I like some of your thinking perfectionist.

I also agree that in big houses 15mm and worst due to old plumbing 3/4" hot water pipes are a big cost of water and heat (since the existing are normally unlagged).

in my house it is a certainty that my family run a hot tap in the bathroom to hand and face wash for insufficient time to get freshly hot water. I have solar heated hot water but it is wasted by a slug being drawn part way to the taps, never utilised, but left there to cool off over time. Total waste of energy.

Since one can't train women and children (at least the ones I have tried to train) to appreciate these values, and just use the cold tap, we have to think of a solution.

I have considered running 10mm lagged plastic.

Another idea I have, since our bathroom window is south facing, is to pass mains water through a window sized solar panel with sufficient capacity to fill a basin, and provide a 3rd tap, which the family would try to use first.

I also see that the energy saving of gshp is pointlessly lost in the described scenario, but I am not sure your solution is optimal either due to the high cost of the reheat at point of use.

The kitchen sink is the only one which needs hotter than 40 degrees, so vanity and bathroom basins could be supplied from the gshp heated cylinder using lagged small bore pipes, kitchen sink intercepted with 15 litre 3kw multipoint or gas multipoint/combi directly beside the sink. I think other people have found that the cost of running a dhw return pump is beyond the water rates saving, so small bore pipes would be cheaper to run, even if it would appear a little wasteful of water the cost to the user is less than the cost of circulating.
 
Use a bronze with a timeclock and thermostat set to 40° set the timeclock to turn off at night and during the day if nobodies at home.
Do not use an undersink water heater as any energy savings gained from the heat pump will be wasted
 
I also see that the energy saving of gshp is pointlessly lost in the described scenario, but I am not sure your solution is optimal either due to the high cost of the reheat at point of use.
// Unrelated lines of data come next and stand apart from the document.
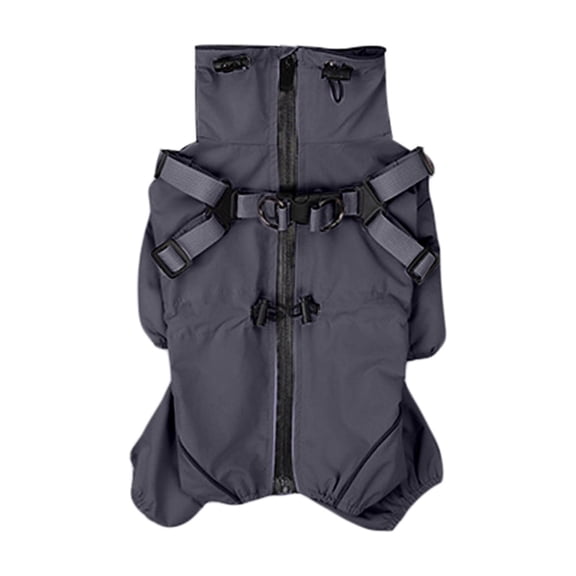 Winter Windproof Trench Coat for Dogs Four Legged Warm Pet Jacket Polyester Material Fashionable Cold Weather Apparel for All Breeds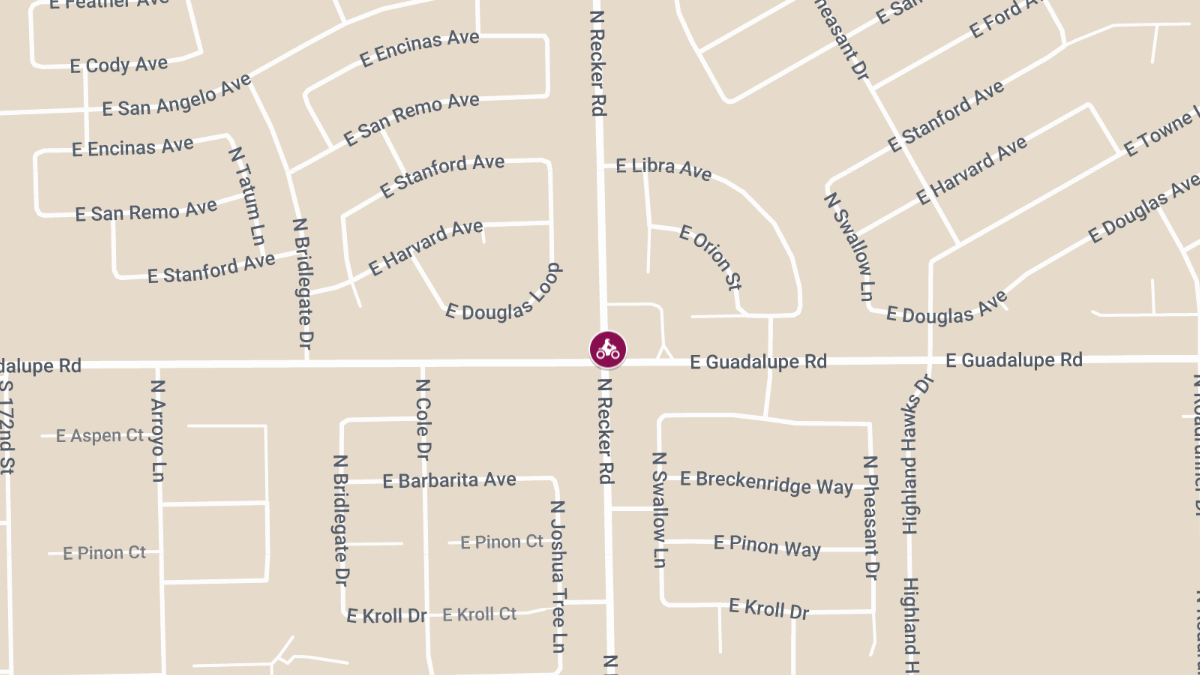 Motorcyclist Seriously Injured in Crash at Guadalupe Rd & Recker Rd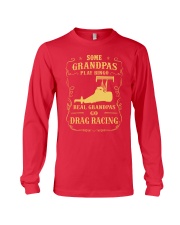 some granpas go drag racing Long Sleeve Tee tile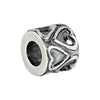 Sterling Silver 9.4x8.15mm Bead with Hearts Sterling Silver 9.4x8.15mm Bead with Hearts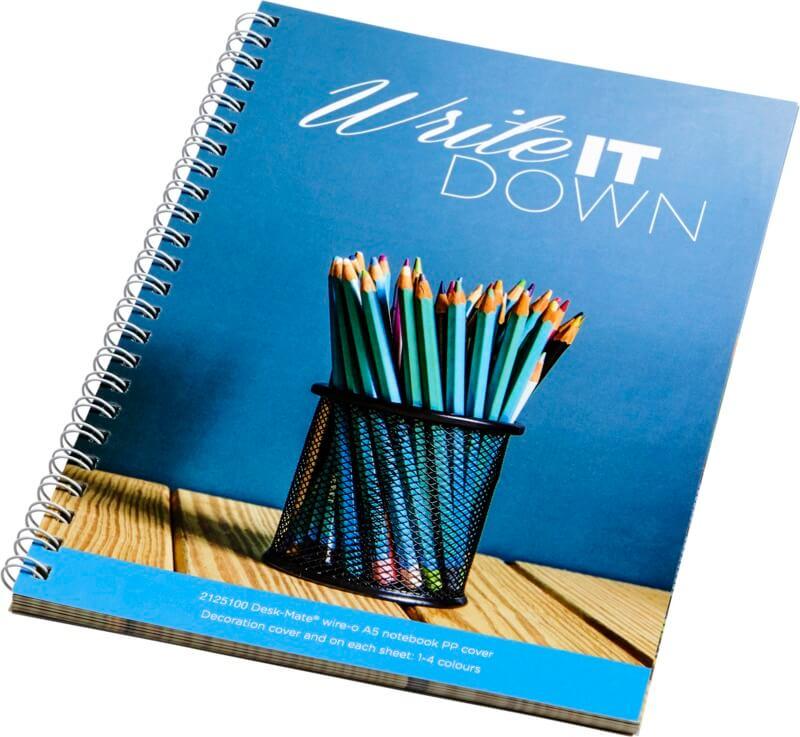 PF 21251 8 2125100 E2 Caderno A5 espiral de arame Desk-Mate® - Image 4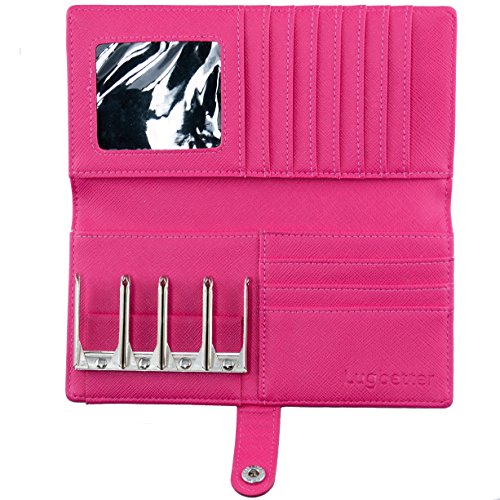 Clutch Wallet by Lugbetter Coin Sorter Credit Card Ladies Wallet to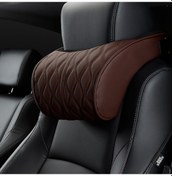 Resim Araba Koltuğu Hafızalı Köpük Destek Yastığı, Renk: Kahve Kafalık 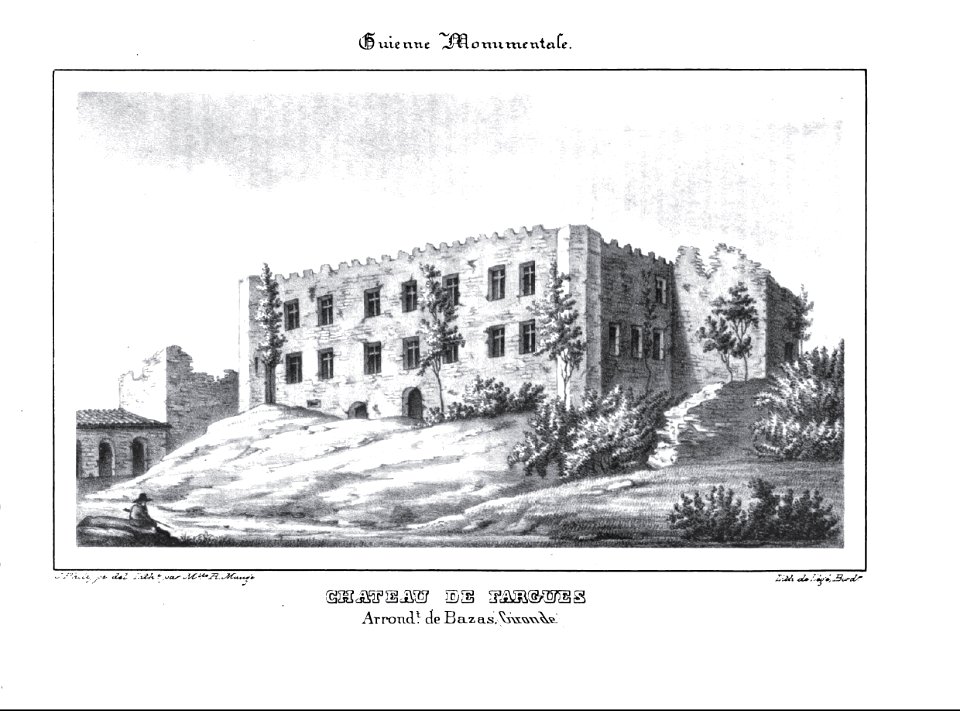Bazas - château de Fragues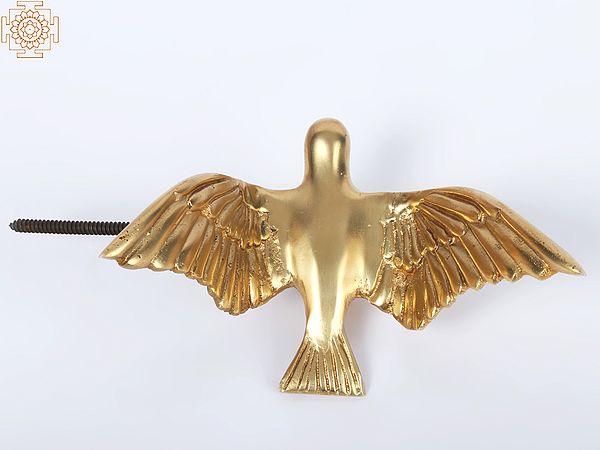 6" Wall Hanging Birds with Screw on Wing | Brass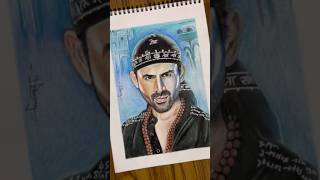 Kartik Aaryan Sketch  Bhoolbholaiyaa3  ✨✨ bollywood bhoolbhulaiyaa3 yksketcher [upl. by Kerin]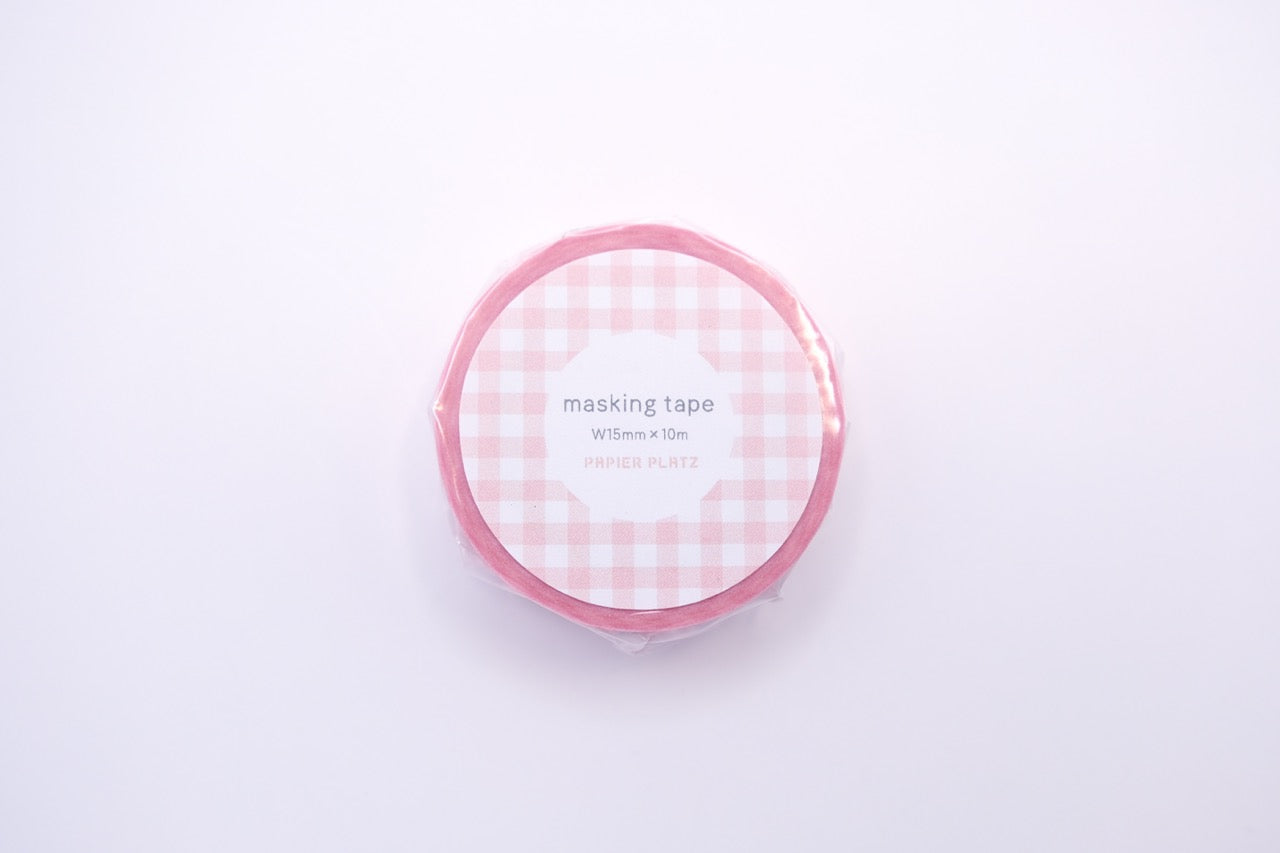 Papier Platz - Washi Tape - Gingham Check Pink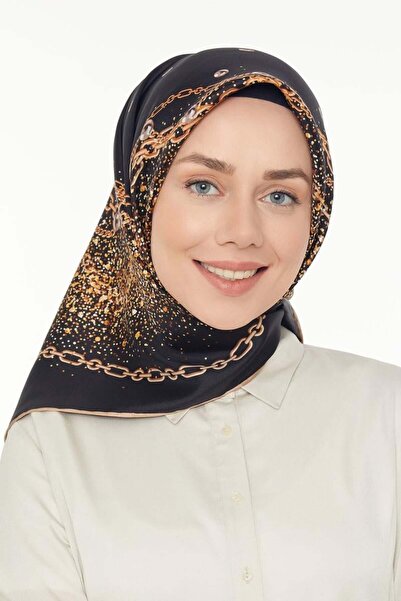 Levidor Μαύρο μαντήλι από καθαρό μετάξι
The instant electric heater only operates when the tap is on. It heats instantly then cuts out when the hot water is at the taps from the cylinder or combi down a suitably sized basin draw-off pipe. The electric heater is not running all day as a pump would. I know the pump cuts out when the loop is up to temperature, but the loop will cool pretty quickly, even if lagged, due to natural circulation loop up the tees to the taps on basins and sinks.

In existing homes the electric heater is effective and practical as there is little upset to the house in ripping up floors to get a loop in.

The kitchen sink is the only one which needs hotter than 40 degrees, so vanity and bathroom basins could be supplied from the gshp heated cylinder using lagged small bore pipes, kitchen sink intercepted with 15 litre 3kw multipoint or gas multipoint/combi directly beside the sink. I think other people have found that the cost of running a dhw return pump is beyond the water rates saving, so small bore pipes would be cheaper to run, even if it would appear a little wasteful of water the cost to the user is less than the cost of circulating.

People go by rule of thumb and do not think hard enough. You have seen that unlagged 15mm pipe for basins is overkill.

Do not get me wrong. A secondary circulation pumps is ideal in many situations. It is not the only way to stop the dead-leg cold slug and also save on water and energy bills.
 
Use a bronze with a timeclock and thermostat set to 40° set the timeclock to turn off at night and during the day if nobodies at home.
Do not use an undersink water heater as any energy savings gained from the heat pump will be wasted

I don't think you got my point, Paul Barker did.
 
Anyway I would say get a solar panel to supplement the gshp or take over from it on sunny day.